This recipe comes from http://kraftfoods.com/kf/recipes/RecipeDetail?recipe_id=90708
- 1 can (14-1/2 oz.) Italian-style diced tomatoes, undrained
- 1-1/4 cups KRAFT Shredded Low-Moisture Part-Skim Mozzarella Cheese, divided
- a dash of basil
- 1 pkg. (6 oz.) STOVE TOP Stuffing Mix for Chicken
- 3 small boneless skinless chicken breast halves (2 lb.)
- 1/3 cup KRAFT Roasted Red Pepper Italian with Parmesan Dressing
- Preheat the oven to 350°F.
- Combine the tomatoes, 1/2 cup of the cheese, the basil and dry stuffing mix.
- Stir until moistened.
- Put the chicken breast in a large freezer resealable plastic bag.

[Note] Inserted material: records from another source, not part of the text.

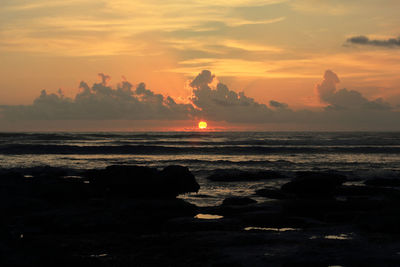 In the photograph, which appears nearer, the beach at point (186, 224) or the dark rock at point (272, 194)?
the beach at point (186, 224)

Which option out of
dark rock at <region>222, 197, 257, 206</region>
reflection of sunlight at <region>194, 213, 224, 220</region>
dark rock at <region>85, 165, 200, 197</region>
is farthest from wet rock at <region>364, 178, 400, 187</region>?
reflection of sunlight at <region>194, 213, 224, 220</region>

Pound chicken with meat mallet until the chicken is about 1/4 inch thick.
- Repeat with remaining chicken.
- Place chicken, top-sides down, in the baking dish.

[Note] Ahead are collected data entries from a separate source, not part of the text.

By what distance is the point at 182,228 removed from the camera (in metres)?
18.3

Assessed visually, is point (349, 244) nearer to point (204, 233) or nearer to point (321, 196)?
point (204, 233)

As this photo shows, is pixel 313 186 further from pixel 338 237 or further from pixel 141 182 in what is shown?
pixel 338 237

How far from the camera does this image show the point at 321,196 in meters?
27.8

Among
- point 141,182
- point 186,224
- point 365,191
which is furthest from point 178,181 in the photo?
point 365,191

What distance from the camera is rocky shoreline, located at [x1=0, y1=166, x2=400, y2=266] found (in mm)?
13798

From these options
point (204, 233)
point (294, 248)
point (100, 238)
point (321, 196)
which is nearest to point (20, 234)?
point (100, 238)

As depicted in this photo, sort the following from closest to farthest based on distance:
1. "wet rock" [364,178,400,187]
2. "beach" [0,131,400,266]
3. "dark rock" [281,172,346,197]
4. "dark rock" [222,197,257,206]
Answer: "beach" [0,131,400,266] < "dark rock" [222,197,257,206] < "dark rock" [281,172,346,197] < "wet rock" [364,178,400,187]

- Spread the stuffing mixture evenly over each chicken breast
- Tightly roll up each chicken breast.
- Place the chicken seam-sides down.
- Drizzle evenly with the dressing.
Bake the chicken for 40 min.
- Sprinkle the chicken with the remaining 3/4 cup cheese. Bake an additional 5 min. or until chicken is cooked through (165°F) and cheese is melted.